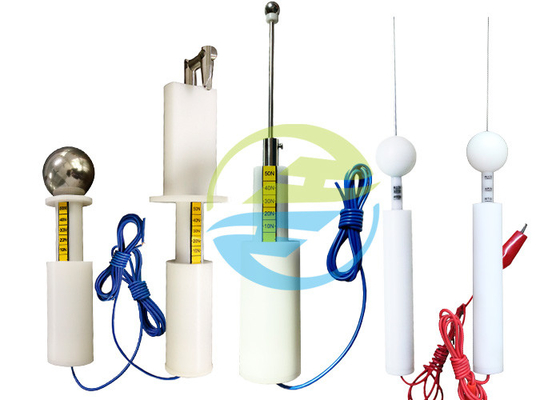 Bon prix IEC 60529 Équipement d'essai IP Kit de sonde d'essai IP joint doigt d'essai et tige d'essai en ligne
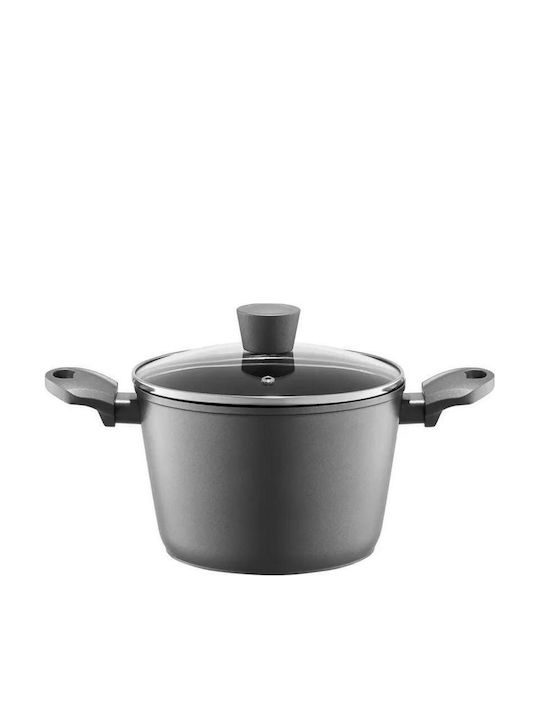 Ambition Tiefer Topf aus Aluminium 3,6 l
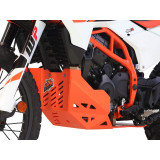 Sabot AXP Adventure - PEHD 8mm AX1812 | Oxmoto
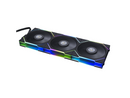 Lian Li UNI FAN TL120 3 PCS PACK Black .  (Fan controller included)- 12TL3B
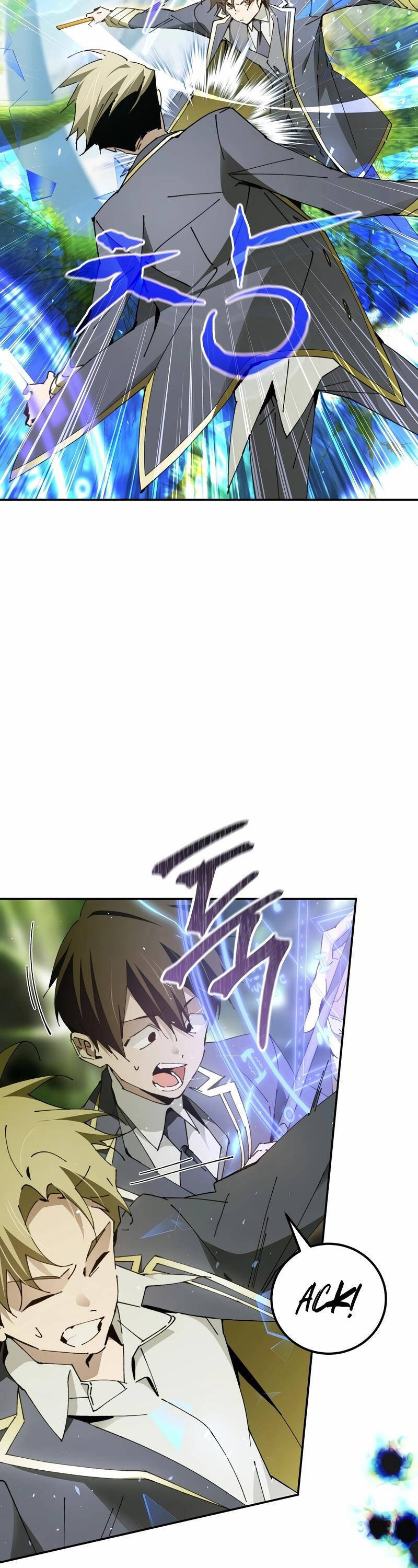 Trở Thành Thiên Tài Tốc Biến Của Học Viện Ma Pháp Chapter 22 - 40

...

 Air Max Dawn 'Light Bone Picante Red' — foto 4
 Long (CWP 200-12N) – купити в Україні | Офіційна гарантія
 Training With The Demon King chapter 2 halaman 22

> **Exercise**: Only one stretch of the listing above is to be duplicated: the lines from the one containing "Sabot AXP Adventure" through the one containing "Trở Thành Thiên", both included. Copy them exactly, minus the pictures.

> **Result of this task**:
 Sabot AXP Adventure - PEHD 8mm AX1812 | Oxmoto
 Lian Li UNI FAN TL120 3 PCS PACK Black .  (Fan controller included)- 12TL3B
 Trở Thành Thiên Tài Tốc Biến Của Học Viện Ma Pháp Chapter 22 - 40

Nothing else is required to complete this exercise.